The canon took place at the Council of Rome, which happened in AD 332. This is when they said, "These are the Scriptures." People get hung up on that. This is what you need to know. They did not sit in a room and determine what Scriptures would be in there and what Scriptures would not. The Scriptures were already determined before that. We know that through the writings of father Origen, the writings of Athanasius, the Muratorian fragments that all date prior to the Council of Rome where the canon took place; they just made it official. These are the Scriptures.

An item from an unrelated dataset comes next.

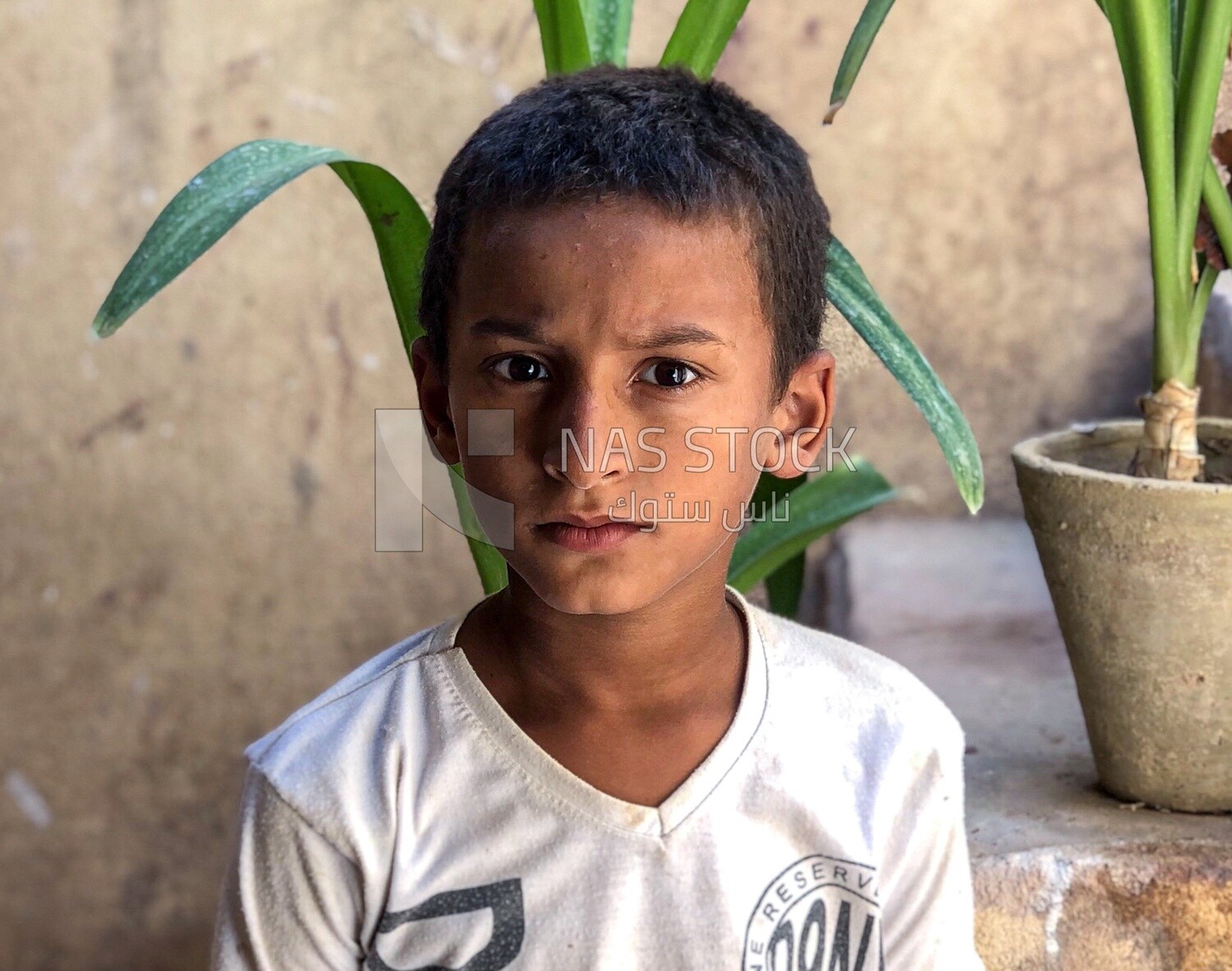 Boy with pots in back ground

It would be just like if we gathered today and said, "Hey, these are the Scriptures." You'd be like, "No duh." That's what they were like. "Hey, no duh. We know." It's just becoming official now. There wasn't a big debate. It wasn't like, "No, not that one, but this one." It was, "Yes. It's official. These are the Scriptures." That's what took place in the canon.

The Bible is not a book; it's 66 books. It's divided with time, BC (before Christ) and AD (anno Domini), Old Testament and New Testament. The Old Testament Scriptures are mostly Hebrew. There is some Aramaic in there in Daniel and Ezra. The New Testament Scriptures are Greek. So it's written primarily in two languages.

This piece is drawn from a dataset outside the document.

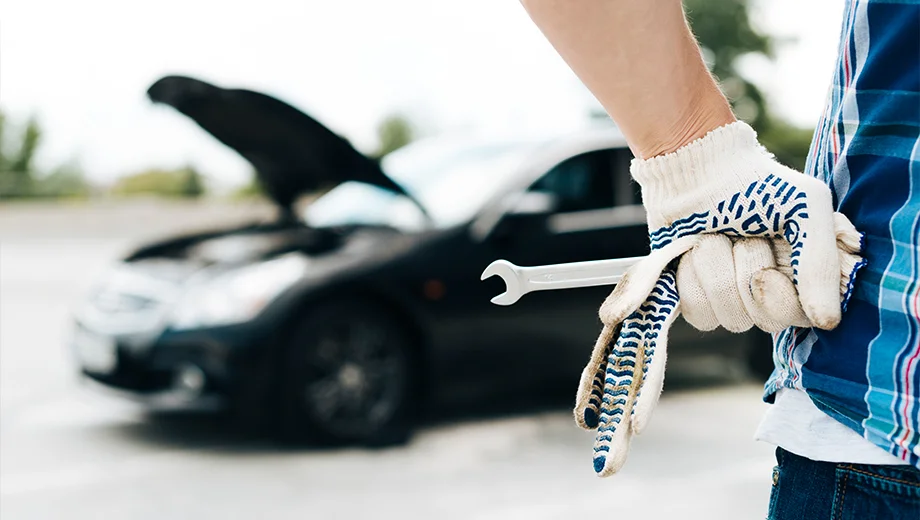 Man holding tools and inspecting a car with the hood open.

It's written by 40 authors. Some of them were in prisons; some of them were in palaces. Some of them were rich; some of them were poor. Some of them male; some of them female. Some of them married; some of them single. Some of them were shepherds; some of them were kings. One of them was both.

This Bible was written on three continents over 1,600 years, and it has one central truth, this Bible that fits together perfectly like a puzzle: it tells you of God's great love for you, that he came to rescue you through Christ. This Bible tells you where you came from, it tells you how you know him, and it tells you where you're going. This is why we read the Scriptures. This is what it is. It's not a book at all; it is the living Word of God. It's not written in chronological order; it's divided by literary types.

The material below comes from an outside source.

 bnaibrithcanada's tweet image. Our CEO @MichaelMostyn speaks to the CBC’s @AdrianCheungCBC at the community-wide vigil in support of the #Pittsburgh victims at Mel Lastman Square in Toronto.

In the Old Testament we see the Law, the first five books; the Prophets; and then the writings. The chronological pieces are repeated. It's almost like you get to the Gospels and he says, "This is really, really important." He repeats it four times, the same story, and then the book of Acts. Those are the historical books of the New Testament. Then you have the epistles or letters), and then you have Revelation, the book of prophesy foretelling what is to come.

Here's why I tell you all of that. It's because people have not always taken the Bible for granted the way we do. In AD 600 the Catholic Church said the Bible could only be produced in Latin. Around this time it was already in 500 languages. They said, "You must destroy all other Bibles. It can only be produced in Latin."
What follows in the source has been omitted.